According to FHFA and Freddie Mac, as investor appetite for floating-rate bonds increased in the spring of 2010, Freddie Mac capitalized on the opportunity to charge a premium for structuring these bonds by carving them out of its securitized mortgages. In the process, it retained by-product variable rate bonds known as inverse floaters.  The OIG report contains a very clear and interesting explanation of inverse floater investments which can be read here.  Suffice it to say that investors in these instruments benefit when interest rates fall and that Freddie Mac retained a great number of these instruments in its own portfolio.

In late January 2012, these inverse floaters became the subject of significant attention. It was asserted that, because the value of inverse floaters decreases when the underlying mortgages are refinanced, Freddie Mac could deliberately limit loan refinancings in order to protect the value of its inverse floaters.

The OIG investigation uncovered no evidence that either FHFA or Freddie Mac obstructed homeowners' abilities to refinance their mortgages in an effort to influence the yields of the inverse floater retained by the company in its investment portfolio. OIG said that these floaters represent a small portion of Freddie Mac's capital markets portfolio and to the extent that tension exists between the company's refinancing and investment policies , the "floaters are no more likely to adversely impact mortgage holders or discourage borrower refinancing that any of the mortgages or other assets that Freddie Mac holds for investment."

Further, Freddie Mac has an 'information wall" policy to prevent its capital markets business from using non-public information to guide its investments and OIG found no evidence that individuals at Freddie Mac had breached the information wall.
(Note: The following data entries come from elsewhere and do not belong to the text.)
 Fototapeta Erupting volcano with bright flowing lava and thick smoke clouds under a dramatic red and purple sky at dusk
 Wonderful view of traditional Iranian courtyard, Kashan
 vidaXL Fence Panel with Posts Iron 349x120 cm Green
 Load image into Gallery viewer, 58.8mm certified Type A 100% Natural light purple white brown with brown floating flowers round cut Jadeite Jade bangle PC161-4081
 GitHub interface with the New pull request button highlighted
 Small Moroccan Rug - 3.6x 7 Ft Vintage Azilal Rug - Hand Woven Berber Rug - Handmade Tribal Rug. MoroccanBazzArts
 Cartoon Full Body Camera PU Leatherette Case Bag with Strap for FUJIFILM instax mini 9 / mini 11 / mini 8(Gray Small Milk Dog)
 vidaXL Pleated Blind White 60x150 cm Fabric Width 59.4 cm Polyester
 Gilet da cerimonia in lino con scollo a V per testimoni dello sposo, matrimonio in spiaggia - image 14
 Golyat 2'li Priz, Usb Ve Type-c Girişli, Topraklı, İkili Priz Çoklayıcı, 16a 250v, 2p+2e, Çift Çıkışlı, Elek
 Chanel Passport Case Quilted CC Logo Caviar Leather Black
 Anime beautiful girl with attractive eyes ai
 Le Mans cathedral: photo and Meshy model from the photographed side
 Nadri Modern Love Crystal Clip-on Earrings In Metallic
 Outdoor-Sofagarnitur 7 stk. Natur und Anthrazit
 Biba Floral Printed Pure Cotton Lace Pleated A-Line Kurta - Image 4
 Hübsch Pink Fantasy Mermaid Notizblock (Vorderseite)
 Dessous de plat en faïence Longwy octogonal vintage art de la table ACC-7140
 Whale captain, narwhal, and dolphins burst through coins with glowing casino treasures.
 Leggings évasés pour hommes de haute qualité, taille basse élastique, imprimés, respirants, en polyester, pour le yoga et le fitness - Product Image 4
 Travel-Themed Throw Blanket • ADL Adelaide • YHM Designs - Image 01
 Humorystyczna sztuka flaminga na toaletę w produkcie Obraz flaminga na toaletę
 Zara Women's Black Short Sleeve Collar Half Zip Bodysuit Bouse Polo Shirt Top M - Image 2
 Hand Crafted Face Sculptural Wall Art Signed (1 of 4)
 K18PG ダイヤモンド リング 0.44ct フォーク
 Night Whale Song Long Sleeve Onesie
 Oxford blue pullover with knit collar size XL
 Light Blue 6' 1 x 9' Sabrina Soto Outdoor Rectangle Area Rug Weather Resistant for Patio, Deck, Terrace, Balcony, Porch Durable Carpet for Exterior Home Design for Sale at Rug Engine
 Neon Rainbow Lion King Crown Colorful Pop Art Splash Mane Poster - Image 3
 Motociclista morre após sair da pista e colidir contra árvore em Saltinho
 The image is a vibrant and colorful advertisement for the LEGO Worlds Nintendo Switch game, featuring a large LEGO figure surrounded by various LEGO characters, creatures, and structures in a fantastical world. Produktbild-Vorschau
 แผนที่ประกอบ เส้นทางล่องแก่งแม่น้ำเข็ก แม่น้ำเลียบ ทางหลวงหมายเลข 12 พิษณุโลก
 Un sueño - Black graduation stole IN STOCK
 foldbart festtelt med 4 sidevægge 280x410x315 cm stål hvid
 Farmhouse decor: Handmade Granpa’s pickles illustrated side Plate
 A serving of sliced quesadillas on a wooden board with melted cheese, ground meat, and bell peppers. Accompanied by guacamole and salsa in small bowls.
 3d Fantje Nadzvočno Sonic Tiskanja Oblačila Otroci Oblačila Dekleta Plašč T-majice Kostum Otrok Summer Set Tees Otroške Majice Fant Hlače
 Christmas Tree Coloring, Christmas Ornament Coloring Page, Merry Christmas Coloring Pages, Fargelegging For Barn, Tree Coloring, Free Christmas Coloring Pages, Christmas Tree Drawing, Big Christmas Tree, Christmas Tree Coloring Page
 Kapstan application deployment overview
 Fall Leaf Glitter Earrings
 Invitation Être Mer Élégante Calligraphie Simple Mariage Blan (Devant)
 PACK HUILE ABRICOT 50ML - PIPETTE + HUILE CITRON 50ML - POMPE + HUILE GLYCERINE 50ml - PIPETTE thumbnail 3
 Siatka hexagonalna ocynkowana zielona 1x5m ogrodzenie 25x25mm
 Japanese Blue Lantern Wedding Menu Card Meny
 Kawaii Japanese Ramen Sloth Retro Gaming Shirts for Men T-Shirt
While FHFA and its predecessor the Office of Federal Housing Enterprise Oversight (OFHEO) were aware of the inverse floater investments for at least ten years they did not involve themselves in managing operations of the Capital Markets Division.  However FHFA did begin a formal supervisory review of Freddie Mac's CMO business in April 2011.  Before the review was finished the media published stories about the GSE's retention of inverse floaters and FHFA made a series of public statements that could have been interpreted to imply that the company had abandoned the business in the spring of 2011 as part of a risk management strategy.  According to Freddie Mac, however, investor appetite for the floating-rate bonds evaporated around that time without specific action by Freddie Mac. 

OIG found that FHFA's position (that Freddie Mac should be not creating or investing these vehicles) could have been communicated more clearly. It also found that the public statement by FHFA emphasized its review of Freddie Mac's CMO business and noted that FHFA had reached an agreement with the company regarding reverse floaters in December 2011 which does not appear to be the case.  That Freddie Mac suspended the inverse floater portion of its business was not the result of a coordinated FHFA policy but rather the outcome of a broad examination of Freddie Mac's entire CMO business and several informal communications.

OIG made several recommendations resulting from its evaluation.  FHFA should:

1.         Continue to monitor the GSE's hedges and models to ensure its portfolio is hedged within its approved interest rate limits.

2.         Conduct periodic reviews and tests of Freddie Mac's information wall to confirm it is not trading on non-public information.

3.         Insure that supervisory policies are well founded and coordinated and that the Agency speaks with one voice.

4.         Confirm any new positions or any agreements with Freddie Mac promptly and in writing.

5.         Ensure that supervisory policies are based on the work of Agency personal and not reactions to media or other public scrutiny.

6.         Exercise due diligence to ensure public statements accurately reflect all relevant facts before they are released.